Task details:
Starting with the line below that holds "Now, if you" and stopping after the line that holds "This is also", transcribe the lines exactly, leaving out all pictures.

Data for processing:
━━━━━━━━━━━━━━━━━━━━━━━━━━━━━━
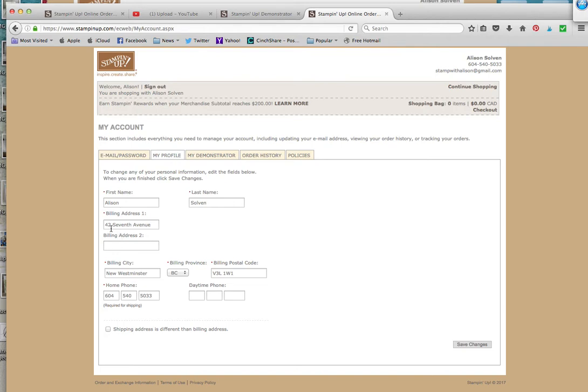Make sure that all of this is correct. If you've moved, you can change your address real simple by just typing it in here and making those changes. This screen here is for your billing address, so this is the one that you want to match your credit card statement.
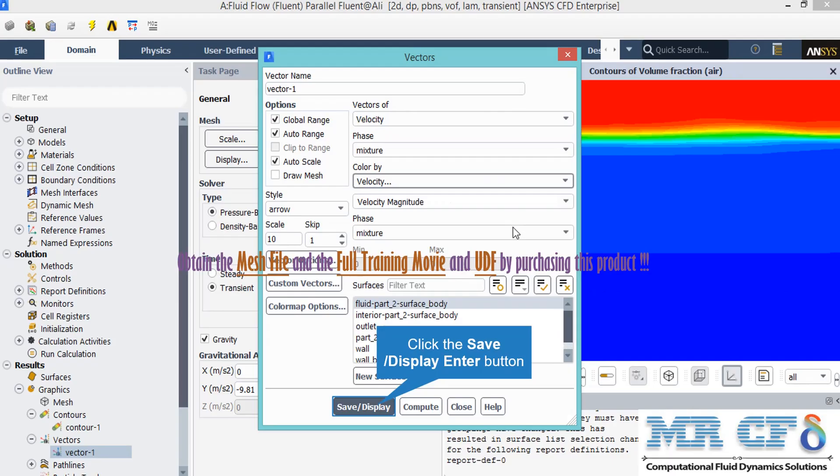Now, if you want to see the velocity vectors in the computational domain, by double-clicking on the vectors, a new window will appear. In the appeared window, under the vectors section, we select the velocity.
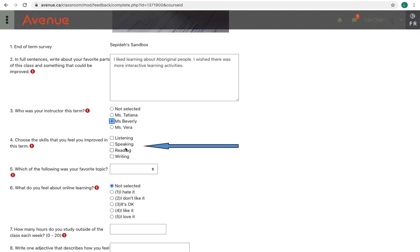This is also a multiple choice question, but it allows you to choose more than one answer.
━━━━━━━━━━━━━━━━━━━━━━━━━━━━━━
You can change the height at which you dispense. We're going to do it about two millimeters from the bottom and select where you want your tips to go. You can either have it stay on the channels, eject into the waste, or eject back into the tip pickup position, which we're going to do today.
━━━━━━━━━━━━━━━━━━━━━━━━━━━━━━
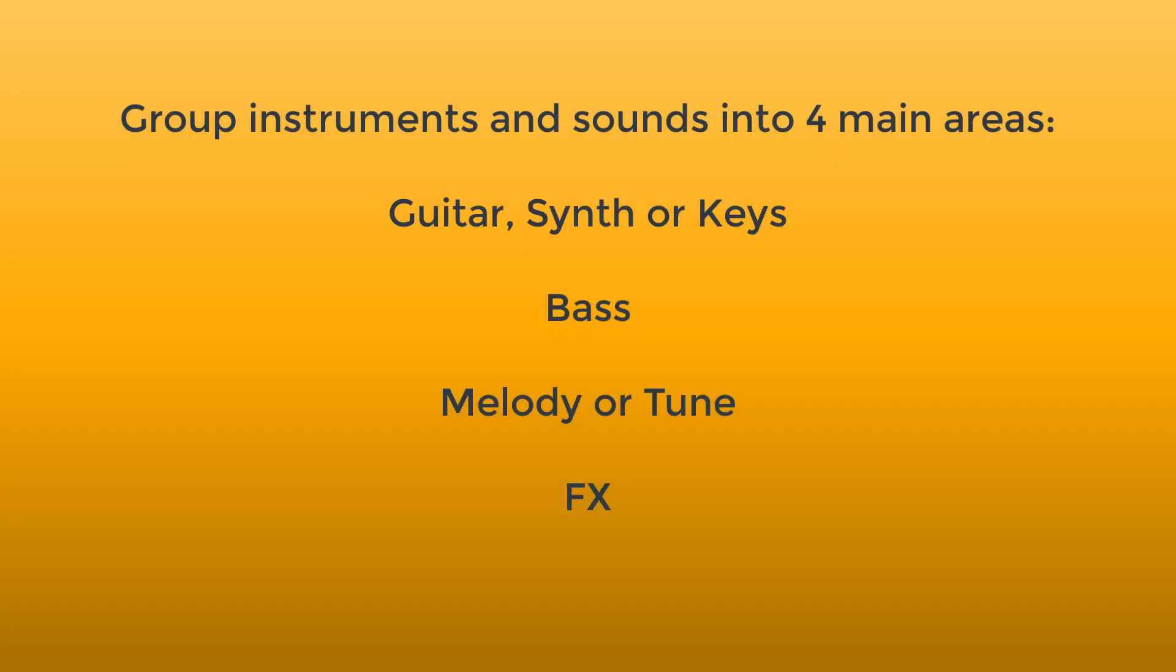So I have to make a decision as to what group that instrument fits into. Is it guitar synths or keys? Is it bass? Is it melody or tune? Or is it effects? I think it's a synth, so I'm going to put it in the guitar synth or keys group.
━━━━━━━━━━━━━━━━━━━━━━━━━━━━━━
Problem solution:
Now, if you want to see the velocity vectors in the computational domain, by double-clicking on the vectors, a new window will appear. In the appeared window, under the vectors section, we select the velocity.
This is also a multiple choice question, but it allows you to choose more than one answer.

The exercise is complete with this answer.